Finally heeding the call of Lahey’s “no knead bread”

photo of no knead breadLike so many other food bloggers, I heeded the call of Jim Lahey’s No Knead Bread that was written about by Mark Bittman in the New York Times. I enjoy making breads that require lots of kneading and post-knead folding (e.g., the ciabatta from Artisan Breads across America), but a bread that I could make without pulling out the KitchenAid mixer or planning my day around bread making had to be tried.

And so I did. Late on a Wednesday night I mixed the dough (using the weight proportions in Bittman’s second article). It then sat on my counter at about 55 to 65 F for twenty hours until the next evening. After the initial shaping, I cut the dough in two for the final proof.

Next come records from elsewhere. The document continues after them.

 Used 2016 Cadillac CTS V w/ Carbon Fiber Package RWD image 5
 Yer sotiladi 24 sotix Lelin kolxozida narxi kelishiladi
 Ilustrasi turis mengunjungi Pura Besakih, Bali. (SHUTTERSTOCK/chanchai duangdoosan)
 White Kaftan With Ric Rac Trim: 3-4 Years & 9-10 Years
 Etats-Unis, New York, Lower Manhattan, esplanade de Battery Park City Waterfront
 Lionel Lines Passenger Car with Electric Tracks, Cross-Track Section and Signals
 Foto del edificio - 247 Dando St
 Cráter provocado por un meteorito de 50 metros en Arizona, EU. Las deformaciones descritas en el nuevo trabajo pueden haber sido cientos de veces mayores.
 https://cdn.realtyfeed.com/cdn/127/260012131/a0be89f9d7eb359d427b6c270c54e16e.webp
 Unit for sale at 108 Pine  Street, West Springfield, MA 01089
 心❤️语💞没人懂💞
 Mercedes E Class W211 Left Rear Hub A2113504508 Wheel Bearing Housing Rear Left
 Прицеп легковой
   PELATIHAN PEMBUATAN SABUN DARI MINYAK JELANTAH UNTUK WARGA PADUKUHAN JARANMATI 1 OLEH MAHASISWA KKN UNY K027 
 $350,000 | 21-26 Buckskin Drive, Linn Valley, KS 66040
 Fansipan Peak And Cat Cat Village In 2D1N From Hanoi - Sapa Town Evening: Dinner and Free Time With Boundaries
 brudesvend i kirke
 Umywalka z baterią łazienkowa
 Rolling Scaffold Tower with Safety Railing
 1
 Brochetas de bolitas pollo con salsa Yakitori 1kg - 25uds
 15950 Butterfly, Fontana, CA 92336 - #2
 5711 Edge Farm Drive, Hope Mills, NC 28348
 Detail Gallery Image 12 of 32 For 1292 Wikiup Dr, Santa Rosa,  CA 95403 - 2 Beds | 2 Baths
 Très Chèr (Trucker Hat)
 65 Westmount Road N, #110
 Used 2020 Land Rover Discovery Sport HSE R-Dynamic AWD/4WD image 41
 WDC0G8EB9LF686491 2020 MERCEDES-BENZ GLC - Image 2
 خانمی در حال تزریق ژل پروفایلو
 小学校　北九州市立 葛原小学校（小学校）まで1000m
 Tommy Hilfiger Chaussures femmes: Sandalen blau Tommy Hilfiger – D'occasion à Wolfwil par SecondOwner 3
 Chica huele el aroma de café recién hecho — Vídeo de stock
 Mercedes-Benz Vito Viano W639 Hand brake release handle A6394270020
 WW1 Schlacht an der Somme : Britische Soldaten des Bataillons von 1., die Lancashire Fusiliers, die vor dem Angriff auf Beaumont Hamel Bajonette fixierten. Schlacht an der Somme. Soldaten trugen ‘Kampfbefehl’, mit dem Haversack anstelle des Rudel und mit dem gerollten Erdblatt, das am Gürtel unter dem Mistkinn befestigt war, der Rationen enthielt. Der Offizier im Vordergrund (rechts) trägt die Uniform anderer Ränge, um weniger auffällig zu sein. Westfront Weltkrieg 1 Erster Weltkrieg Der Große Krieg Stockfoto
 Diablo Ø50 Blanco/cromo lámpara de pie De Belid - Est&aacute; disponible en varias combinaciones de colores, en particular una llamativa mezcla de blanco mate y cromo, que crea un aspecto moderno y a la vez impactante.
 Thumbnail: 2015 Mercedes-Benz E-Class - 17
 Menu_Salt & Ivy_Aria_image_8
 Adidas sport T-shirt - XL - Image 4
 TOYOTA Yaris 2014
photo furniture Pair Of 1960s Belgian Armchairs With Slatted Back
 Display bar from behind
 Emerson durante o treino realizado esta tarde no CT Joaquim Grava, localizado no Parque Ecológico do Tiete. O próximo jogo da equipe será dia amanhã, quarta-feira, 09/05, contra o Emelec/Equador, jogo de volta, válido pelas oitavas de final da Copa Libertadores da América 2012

One reason that I delayed baking this bread for so many weeks was the lack of a four to six quart cast iron pot to hold the dough. After asking everyone I knew if they had such a pot and receiving “no” all around, I tried baking with what was in my cupboard: a 2 quart (1.8 L) Le Creuset saucepan with a matching lid (one of my great thrift shop finds: I paid only $2.50) and a 2 quart (1.8 L) ceramic casserole dish with an aluminum foil cover (thanks to Gerda of tschoerda for the idea to use the casserole and foil).photo of baking dishes

I have been using artisan bread baking techniques for almost a decade and the crust on the no knead bread is easily the best I have ever baked. My previous loaves might have nice color but a weak, thin crust; or they might have the perfect crunch but some major flaw. Or I might break an oven light or two as I sprayed water into the oven to make some steam. Or nearly burn myself pouring water into a pan on the oven floor. Now I know that the cover is the key.

As for the bread’s taste and texture, it was good but not great, and so I need to do some experimenting. Perhaps a bit of rye flour, some wheat germ, or another flavoring.